» WHAT TO PRODUCE: With the pictures left out, return exactly the lines from the one containing "Suite, Balcony | Minibar, free WiFi" through the end of the listing below.

= = = = =

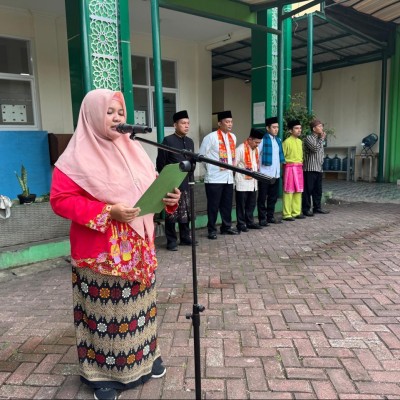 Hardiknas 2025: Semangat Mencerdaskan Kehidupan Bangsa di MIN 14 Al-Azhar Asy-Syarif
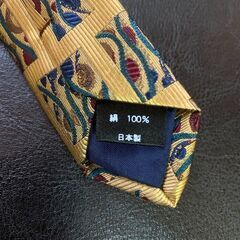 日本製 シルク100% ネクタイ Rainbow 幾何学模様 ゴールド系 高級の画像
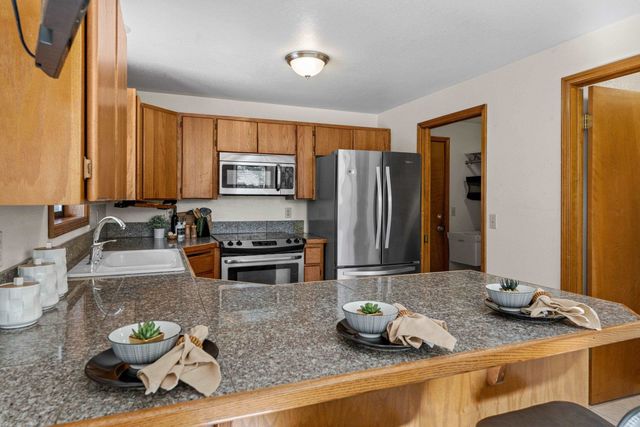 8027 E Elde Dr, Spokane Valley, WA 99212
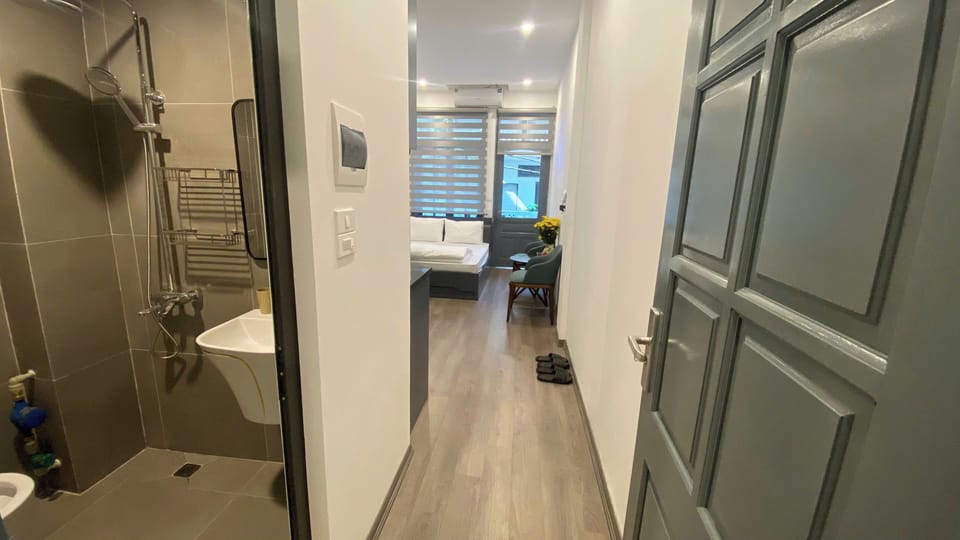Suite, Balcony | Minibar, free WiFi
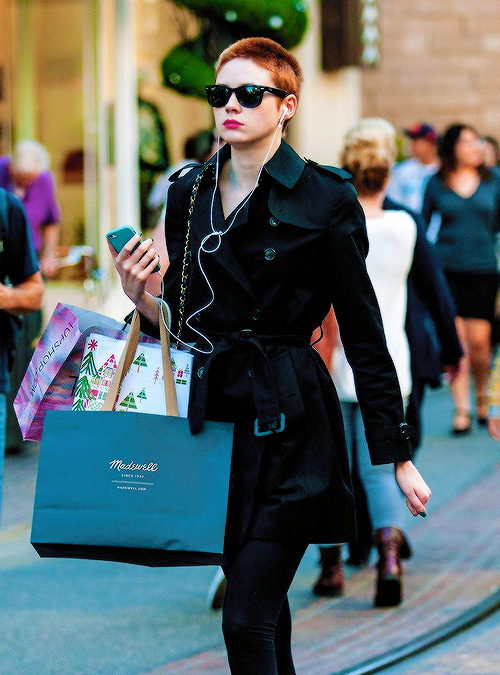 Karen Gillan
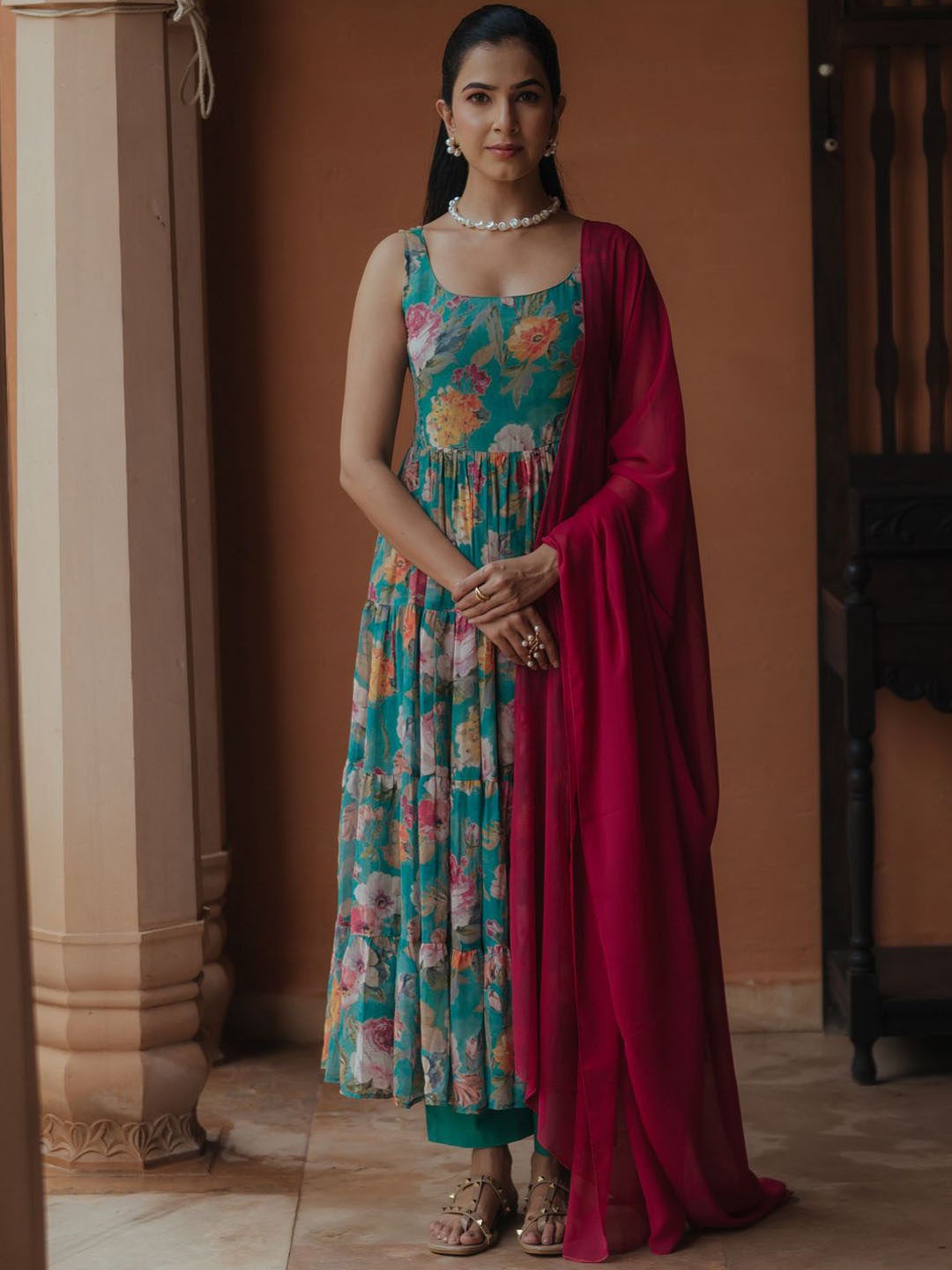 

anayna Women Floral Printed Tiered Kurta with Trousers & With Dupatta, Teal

= = = = =

» ANSWER BOX:
Suite, Balcony | Minibar, free WiFi
 Karen Gillan

anayna Women Floral Printed Tiered Kurta with Trousers & With Dupatta, Teal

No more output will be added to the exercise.